Hacker News new | ask | show | jobs
by porker 2612 days ago
This. The best benchmarking for search engines is:

    1. Does it return relevant results?
    2. Can it handle complex queries?
2) is only required in specific use-cases, but when it's needed it's _really needed_.

1) is the main measure users care about, and in my experience is best evaluated by building a search in each system with the same corpus and giving to subject-matter experts.

2 comments

The classic metrics here are recall and precision. Does it return all of the results that it should and does it list the best results first.

Without a good search engine you might have the results you needed plus lots of other results.

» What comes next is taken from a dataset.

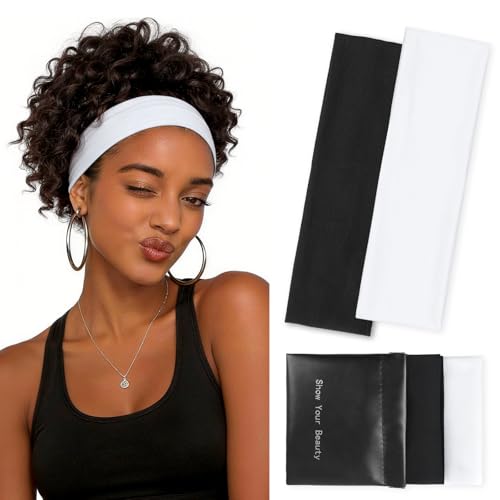 PROPOG Fascia Capelli Donna,Fasce Per Capelli Sport Antiscivolo Estensibile Traspirante, Headband Unisex, Nero, Per Sport, Yoga, Pulizia Del Viso, Fitness, 2PCS (bianco)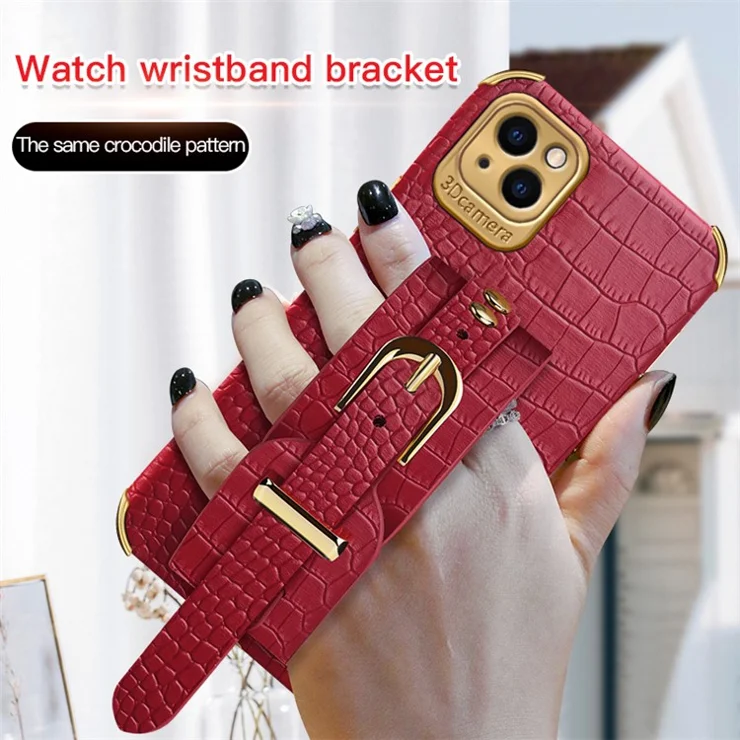 For iPhone 13 6.1 inch Shockproof Phone Bag Case Crocodile Texture 6D Electroplating Precise Cutout PU Leather Coated TPU Flexible Phone Cover - Yellow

You'd have to scroll to page 20 of your results to actually see the result that you wanted, which means it wasn't very precise.

Think of internet search engines pre-google. With e.g. alta vista you had great recall but extremely poor precision. You'd often be scrolling multiple pages of results. Google turned that around by having great precision and similar recall. They made it so good that they implemented the "i feel lucky" button.

The trick with search is to have great precision and still good enough recall. That's super hard because what is precise is very subjective and highly dependent on your usecases, data, languages, etc.

This is why Elasticsearch is such a hugely complicated product: it includes a lot of solutions for essentially any use case you can imagine around search.

I have no experience with Redisearch; so I'll reserve my judgment. But this article is not doing it any favors.

There are competing things out there for Elasticsearch. Most of the serious ones also use Apache Lucene (e.g. Solr). Some of the upcoming ones are attempting to rebuild what Lucene does and may or may not be good enough depending on your use case. There have been some lucene ports over the years, including a C port. Most of those have fallen behind or are no longer maintained. The Java implementation is actually pretty good as is and has had a lot of performance and optimization work done to it over the years. You'd be hard pressed to build something as good and as fast without essentially using the same algorithms and reinventing a lot of the same wheels.

IMHO the current effort to build a search engine in Rust makes a lot of sense. The language is uniquely suited to doing the kinds of things Lucene does and they seem to be pretty serious about doing things properly.

Definitely. In my mind the very first questions you should ask when evaluating search are "Do i need faceted search?" "Do I need boolean logic? proximity? stemming?". Because the answers to those questions will cut the field way down.

That's why some of these benchmarks (redis and the go search engine posted last week) seem a little apples/oranges to me.

I'm not very familiar with Redis but wouldn't it shine at set-based operations like faceting? You could also pre-tokenize the input data to RediSearch with Lucene analyzers.